> **Recorded information**
:::::
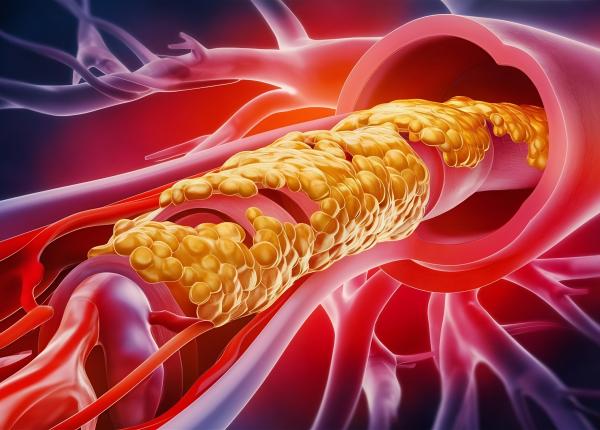 schimbarile dietetice impact asupra colesterolului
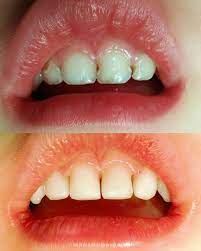front tooth cavity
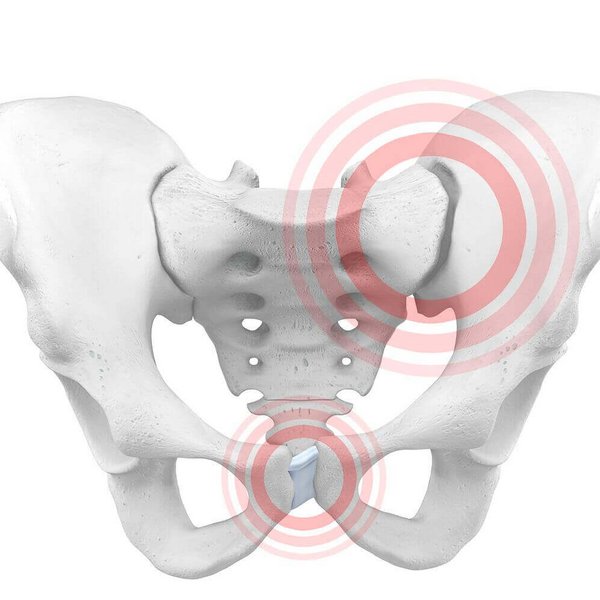 Weergave van de anatomie van het bekken bij een bekkenringinstabiliteit. Vooral zwangere vrouwen worden door de enorme verandering en belasting van het lichaam vaak door een bekkenringinstabiliteit getroffen.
:::::
> **Activity**
Pictures are to be dropped, and the lines from the line with "front tooth cavity" through the end of the material above are to be reproduced exactly.

> **Exercise response**
front tooth cavity
 Weergave van de anatomie van het bekken bij een bekkenringinstabiliteit. Vooral zwangere vrouwen worden door de enorme verandering en belasting van het lichaam vaak door een bekkenringinstabiliteit getroffen.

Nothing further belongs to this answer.